HMS Prince of Wales

HMS Prince Of Wales' Ops Room Ready For Use

Crew will use the room to look out for threats and track the movements of the carrier’s F-35B jets and Merlin helicopters.

HMS Prince of Wales

The second carrier in the Queen Elizabeth-class is due to be commissioned in 2020 (Image: PA).

The operations room of the HMS Prince of Wales, the sister vessel of HMS Queen Elizabeth, is ready for ‘flashing up’ for the first time.

The crew of HMS Prince of Wales will use the room to look out for threats and track the movements of the carrier’s F-35B jets and Merlin helicopters.

This could be in a number of capacities, from intercepting hostile aircraft to striking land-based targets.

Three Commando Merlin Mark 4 helicopters joined HMS Queen Elizabeth last Monday as part of Exercise West Lant 18 - the journey to the US, ready to begin flight trials.

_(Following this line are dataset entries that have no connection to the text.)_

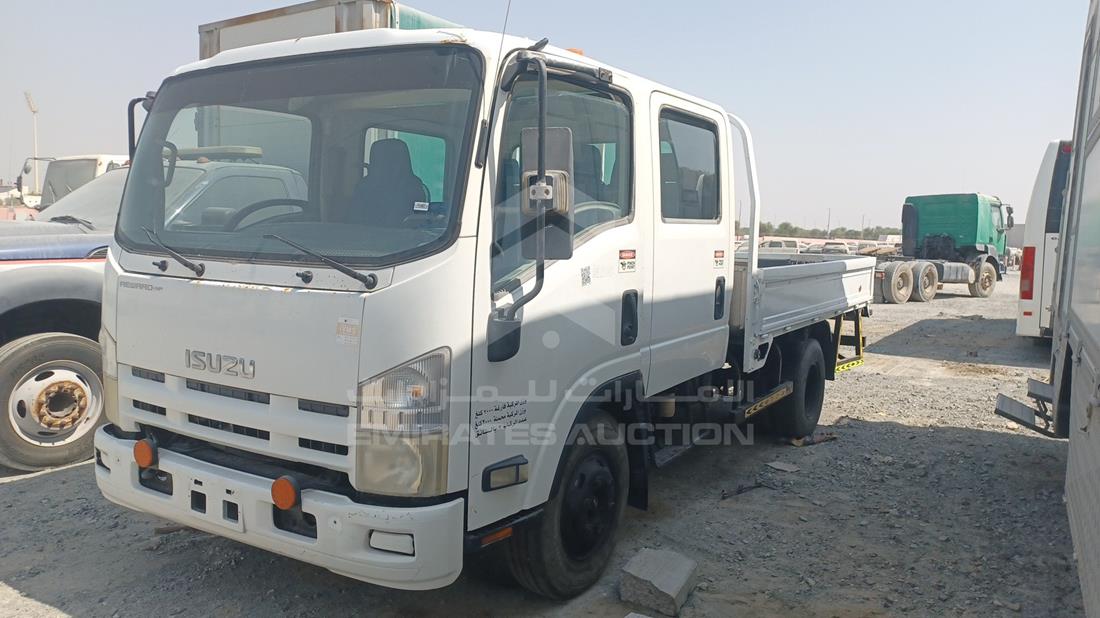 2015 Isuzu NPR — General — Photo 25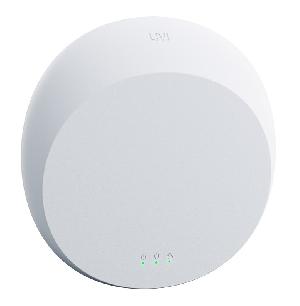 Хаб системы Livi. Каналы связи: 2G/4G (GPRS/LTE), Wi-Fi 2,4 ГГц, Ethernet. Внутренняя планарная антенна. Емкость до 256 радиоустройств Livi, 15 логических разделов. Голосовое меню. SMS и голосовое оповещение на 8 номеров. Настройка и управление через мобильное приложение Livi. Интеграция с ПЦН STEMAX.  от 0 до +45°С. Совмещенный тампер и датчик отрыва от стены. Основное питание: через адаптер 12 В, 1 А. Резервное питание от АКБ LiPol 1800 мАч (до 35 ч. работы). Комплектность: Хаб, АКБ, адаптер питания, Ethe
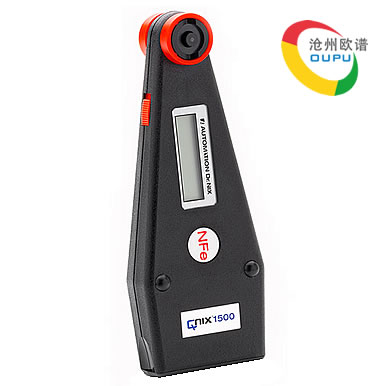 QNix1500涂层测厚仪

Engineers and technicians, alongside Royal Navy experts, have now made sure that all the equipment and cabling is in place and that computer systems are able to communicate the masses of data coming into the ship.

HMS Prince of Wales Nerve Centre
The ops room is the nerve centre of the carrier (Image: Royal Navy).

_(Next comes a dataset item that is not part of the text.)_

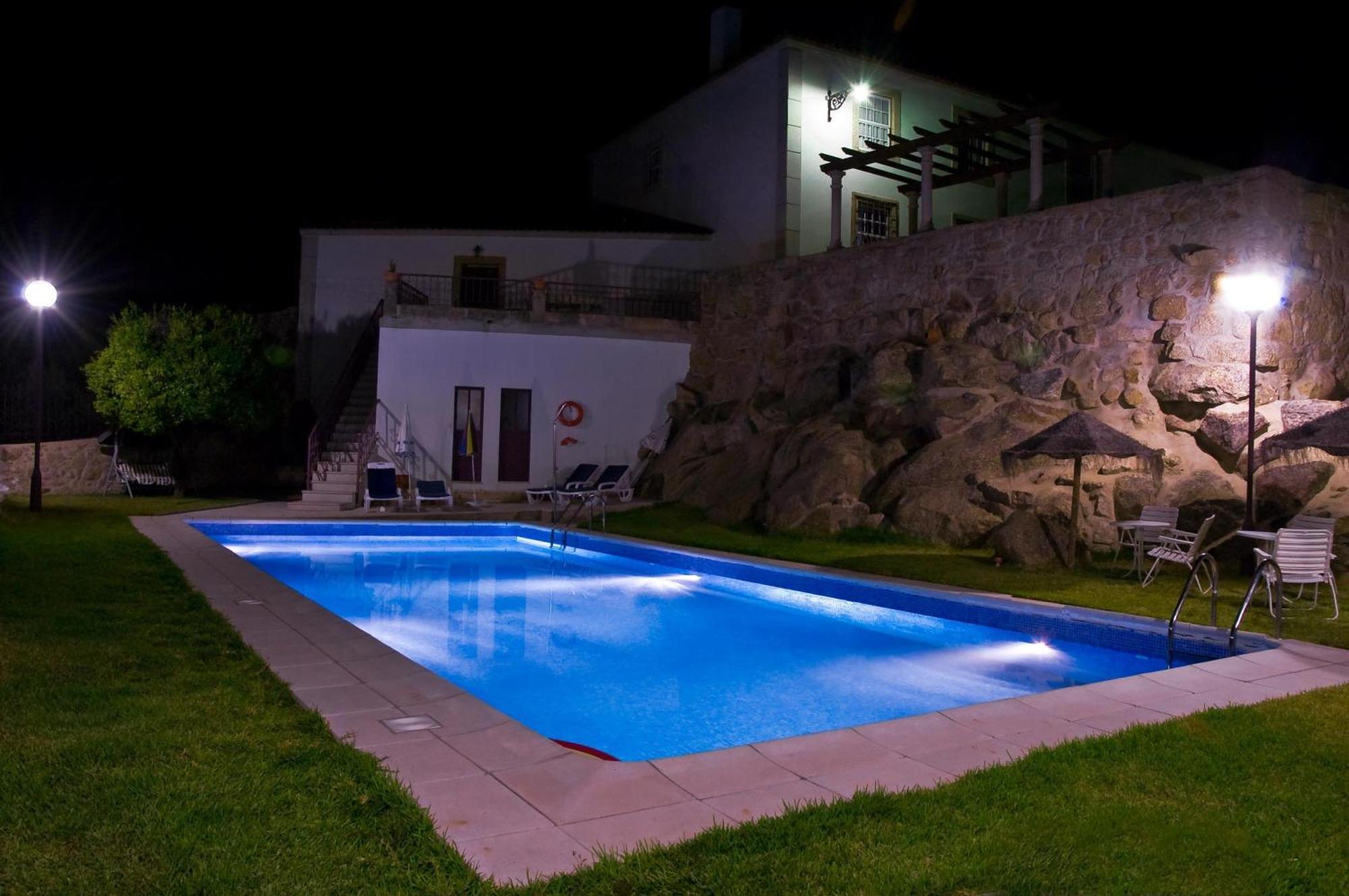 Solar Dos Caldeira E Bourbon Guest House Zebras Exterior foto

Chief Petty Officer Greg Connor, the Ops Room manager, said allowing his team to move into the complex was "a momentous occasion".

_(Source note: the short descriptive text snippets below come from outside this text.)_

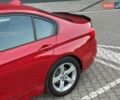 Червоний БМВ 3 Серія, об'ємом двигуна 2 л та пробігом 150 тис. км за 13500 $, фото 7 на Automoto.ua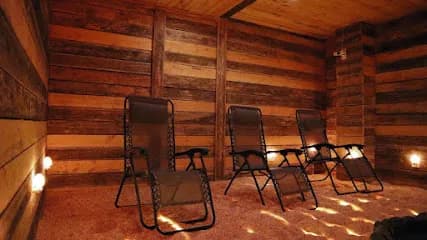 Revive Spa & Salt Cave - Head Spa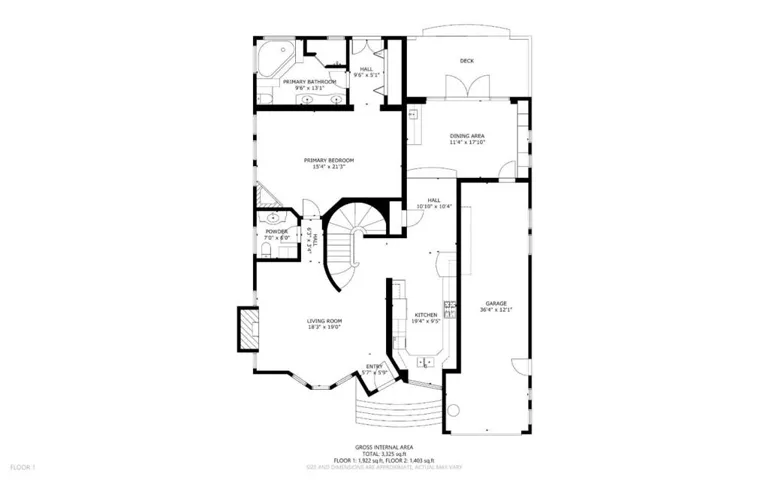 853 Riverside Drive, San Jose, California 95125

"This milestone represents the heart of the warfare fighting elements of the ship coming to fruition," he said.

“The Warfare Department now has its sights firmly set on preparing the ship and team as more and more systems are brought online.”

Handing the compartment over to the ship’s company was production manager David Scott; he explained:

“The operations complex has been over three years in the making for me - and much longer for others.

HMS Prince Of Wales Operation centre
Crew will use the room to look out for threats (Image: Royal Navy).

“We had some of the best workforce available to us and with the team taking ownership of the area, we are able to deliver the compartments ahead of time and to a much higher standard than that previously achieved.

“This demonstrates to all that we can step up to the toughest challenges on this project and that’s credit to all those who have supported me.”

It’s the latest key part of the ship to be finished and handed over to the crew to run; watches are now being run in the Ship Control Centre, which oversees the marine engineering aspects of the carrier.

More than 3,000 compartments of the ship have to be signed off before the carrier leaves her berth at Rosyth to undergo sea trials next year.